Emily Taffel, a 39-year-old professional in Coral Springs, Florida, has been in the public relations business for over a decade. In that time, she’s built a strong foundation for her career, but she’s also had to deal with two name changes. In both cases, she says, her ranking on Google took a hit.
Anybody who owns a business will tell you how their SEO — or “search engine optimization,” to the lucky few who don’t know — can make or break a business. If people Google “plumber Chicago” and your business doesn’t come up, chances are you’re not going to be a plumber in Chicago much longer.

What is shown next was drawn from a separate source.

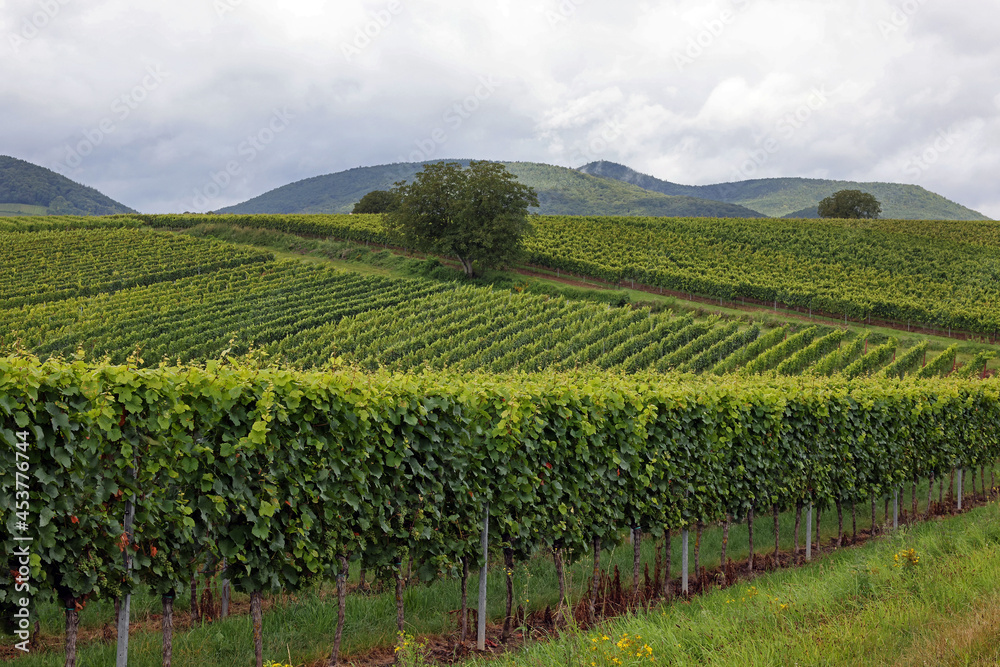 Weinberge in der Pfalz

While a name change after a wedding isn’t new, its implications have evolved. Our individual “branding” and online identities are carrying more weight than ever. So do you follow tradition, or keep your SEO strong? Is there a way to do both? (Actually, yes! We’ll get to that.) Moreover, what happens when the pedigree and clout you’ve built around your professional and online persona gets reset after tying the knot? And how do you even bring up this very new (and unfairly gendered) predicament in your wedding planning?

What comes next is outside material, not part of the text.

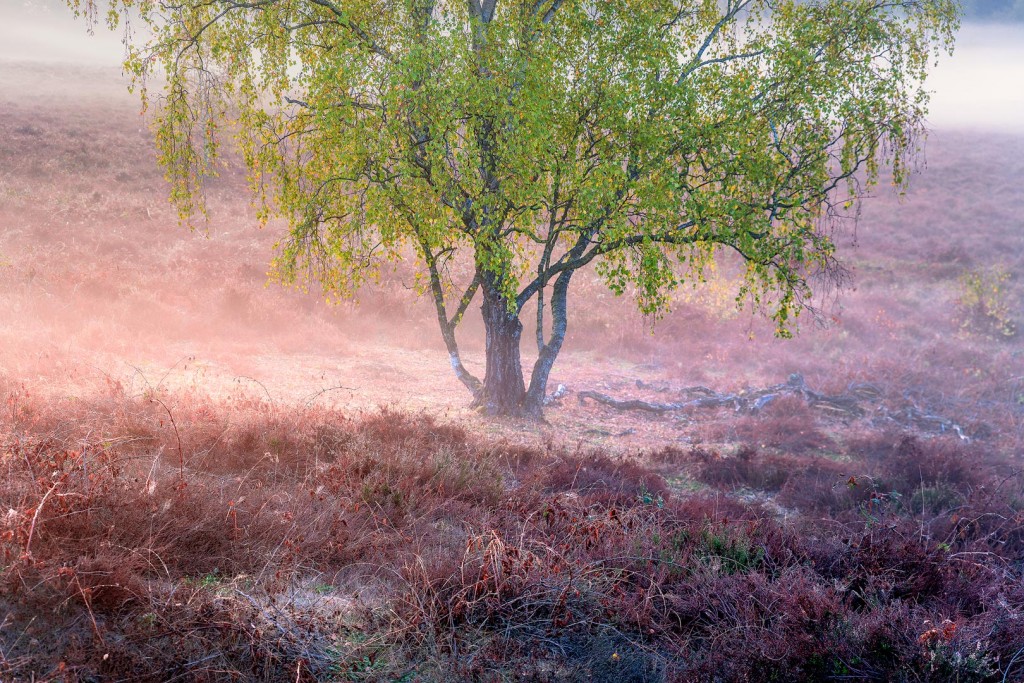 20181021-073322-09-e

More importantly, how do real couples navigate the choppy waters where centuries of tradition can clash with the realities of building a career in 2019?
‘The support has to be selfless.’
Pratibha Vuppuluri, former investment banker and purveyor of She Started It!, an online resource for working moms: This whole conundrum heavily revolves on the need to build a personal brand that can be leveraged for work in several ways: recruiting for a job, launching a business, working as a freelancer and more.
[Before the modern internet], the older generation’s approach to professional and personal life was much more local to their community in a physical location, as well as through word of mouth. And in those cases, tradition that focused on family values and collectivism trumped individuality.
I am very fortunate to have no pressures from both sides of family around changing my last name. I discussed the need to keep my last name with my husband as it is very much part of my professional identity and needs to be consistent for SEO purposes. It was a no-brainer for him, as he has always been supportive of my goals.
We decided to keep our names as it is. After all, changing my surname to his does not define our marriage or our relationship as a whole. Marriage is about two people coming together and supporting each other in their life pursuit. The support has to be selfless and focused on “leaning in” to understand each other’s goals and how it helps the two of them as a team.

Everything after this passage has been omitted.